[Short web captions]
=======
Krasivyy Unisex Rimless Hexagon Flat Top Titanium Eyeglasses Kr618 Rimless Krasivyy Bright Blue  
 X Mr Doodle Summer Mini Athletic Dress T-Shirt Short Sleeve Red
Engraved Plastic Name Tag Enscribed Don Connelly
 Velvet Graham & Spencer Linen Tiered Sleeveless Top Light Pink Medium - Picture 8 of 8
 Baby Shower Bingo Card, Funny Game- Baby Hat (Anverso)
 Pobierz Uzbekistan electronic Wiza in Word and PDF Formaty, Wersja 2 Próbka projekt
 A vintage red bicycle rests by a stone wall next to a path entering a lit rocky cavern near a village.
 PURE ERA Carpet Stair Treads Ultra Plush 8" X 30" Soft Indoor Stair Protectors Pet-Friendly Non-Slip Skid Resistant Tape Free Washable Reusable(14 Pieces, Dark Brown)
=======
### Activity
The range runs from the line above containing "X Mr Doodle" to the line containing "A vintage red", inclusive. Restate those lines word for word and no others.

### Response to this exercise
 X Mr Doodle Summer Mini Athletic Dress T-Shirt Short Sleeve Red
Engraved Plastic Name Tag Enscribed Don Connelly
 Velvet Graham & Spencer Linen Tiered Sleeveless Top Light Pink Medium - Picture 8 of 8
 Baby Shower Bingo Card, Funny Game- Baby Hat (Anverso)
 Pobierz Uzbekistan electronic Wiza in Word and PDF Formaty, Wersja 2 Próbka projekt
 A vintage red bicycle rests by a stone wall next to a path entering a lit rocky cavern near a village.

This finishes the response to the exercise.